What are the characteristics of bamboo to be considered as grass?

In order to answer this question, we have to dive into the characteristics of grass, also called Poaceae. So let’s have a look at this plant family.


A bract is a modified leaf. It is connected with a reproductive formation like flowers. They are oftentimes different from leaves. They may be smaller, bigger, or of a diverse shade, form, or composition. They may also seem different from some parts of the flower.

Each overlapping bract unites and protects the anticipated fully developed leaf or branch if you will allow it to expand.

On bamboo culms, you will notice the bracts quite easily.

Old bamboo culms with bracts in the daylight


Spikelet formation is very helpful in the classification of grass species and genera, and it describes some extensive collections of grasses. Several bamboos form pseudospikelets by the increase of scalelike formations at the center of the spikelet. They are considered to be leaves decreased to quite little sheaths.

Pseudospikelets are a collection of indefinite, spikelet-like formations that grow from buds. They are attached by glumelike pure bracts. Meanwhile, indeterminate inflorescences are the blossoming flowers found at the top of a stretched axis or at the middle of a trimmed axis.

Floral structures of bamboo

The floral structure of bamboos is fundamentally comparable to grass. Because of details in the flowers, however, bamboos are thought to be ancient among the grasses. They usually have three lodicules or layers at the center of the ovary, six stamens, and three stigmas or the germination parts of the pistil. Typical grasses have two lodicules, three stamens, and two stigmas. Numerous bamboos flower yearly, some flower only with an interval of a few years. Each of them blooms at the same point and dies after flowering and producing their seeds.


Although it has a woody composition, bamboo is still labeled as grass because it uses a method of photosynthesis called C4. It is basically the kind of photosynthesis executed by every grass. C4 indicates the number of carbon particles present in our food that is produced.


Another major component of a grass leaf is its blade. Grass leaves are shown separately at the nodes with a minor difference. They are arrayed in two upright ranks. So a leaf, and most noticeably its blade, is located right below the blade two nodes over it.
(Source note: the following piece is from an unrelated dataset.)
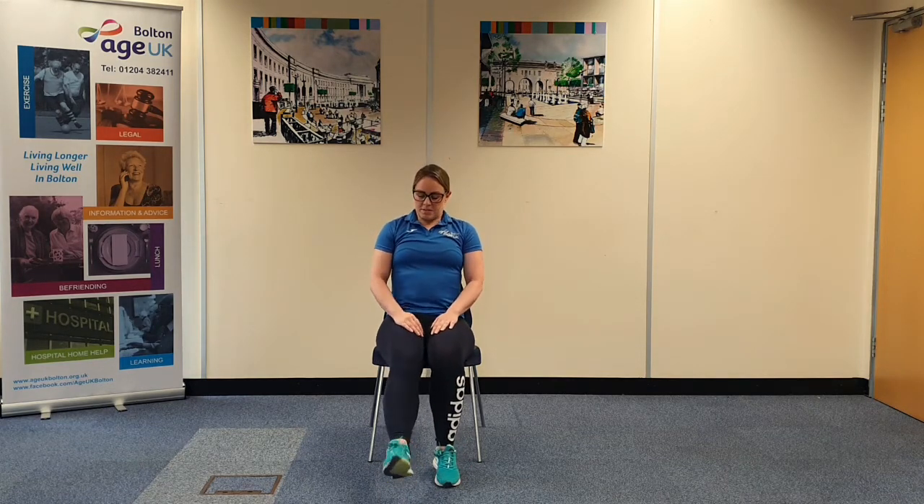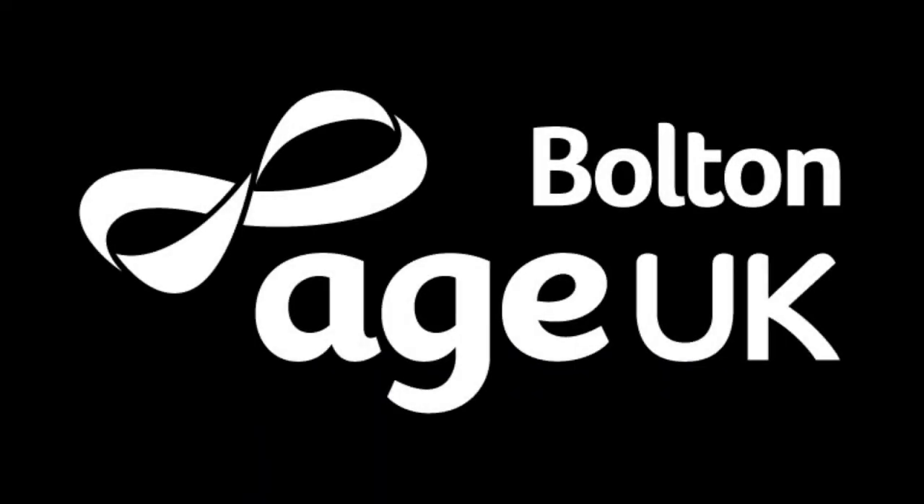And rest. Good — just give the arms and legs a bit of a shake. We've now completed all the exercises and I hope you've enjoyed everything and got a good full body workout. Thanks for joining us today and I hope you enjoyed the workout.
Structurally, it indicates that the point of leaf introduction interchanges with each node.

The leaf sheath begins to surround the stem and overlay when the two points meet. Grass leaf blades are normally long and thin, with lateral edges, but seldom are in the form of an oval. The blades may be smaller than one centimeter or less than five meters in the giant bamboos. In grasses of such dry fields like deserts, their leaves may curl up to form long-drawn, delicate tubes.

Is bamboo wood?

The tension lies in its solid woody properties and its great size compared to some grass varieties. Bamboo is not wood at all. Bamboo grass can really be stronger than an oak tree depending on its nature and species.

Another characteristic that differentiates bamboo from wood is its amazingly speedy growth rate. It can be harvested in as early as five years compared to other trees which may take decades.

What are the benefits of bamboo?

  • They are acknowledged as the choicest nominee for afforestation and preservation of our ecosystem.
  • Bamboo is the fastest growing plant on earth according to the Guiness World Records.
  • Its roots help prevents soil erosion throughout heavy rains.
  • Some varieties of bamboo can absorb a notable 12 tonnes of atmospheric carbon dioxide for every hectare.
  • This grass also produces products like bamboo juice, beer, and vinegar.
  • Bamboo can be used in many ways – Aesthetics, gardening, manufacturing sustainable products, and so on.